I say it myself because the media will never say it. But the people get it. The people understand it. And in a way it shocks me ’cause I always gave too much credit to the media. Because in theory, based on media, I shouldn’t have gotten 306 electoral college votes. I shouldn’t have got it. Because it’s really staged for the Democrats to win. But the people get it. It’s really amazing to see. It’s really a beautiful thing to see. And one of the advantages I have — like I’m going to a rally right now, you know, I would have canceled it because of the hurricane but there are thousands of people lined up yesterday to get to a rally that takes place at 7 o’clock tonight in Pennsylvania — but one of the assets I have is I’m able to speak to people in tremendous numbers.

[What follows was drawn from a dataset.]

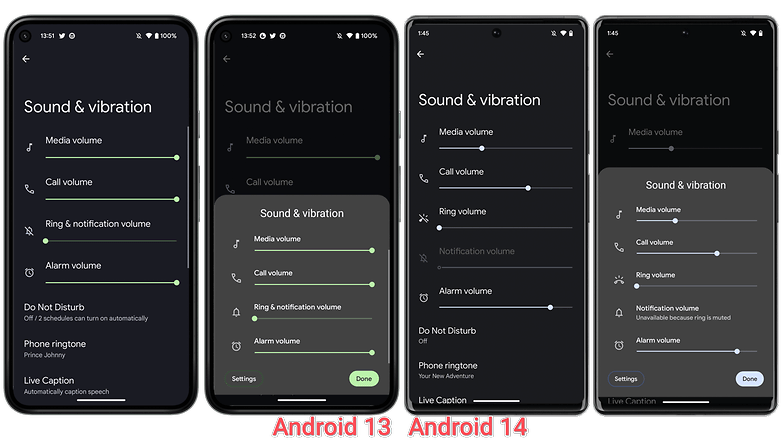 GB WhatsApp APK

We have thousands of people lined up outside right now trying to get in. But I’m able to speak to them and often times it’s on live television, you understand. So I’m able to get my word out. I wish I could speak to you more often. I think I would have gotten — instead of having 90 percent bad TIME covers, I would have had 60 percent good TIME covers.

Let’s talk more often. I think we should.

It’s always an honor to be in your magazine.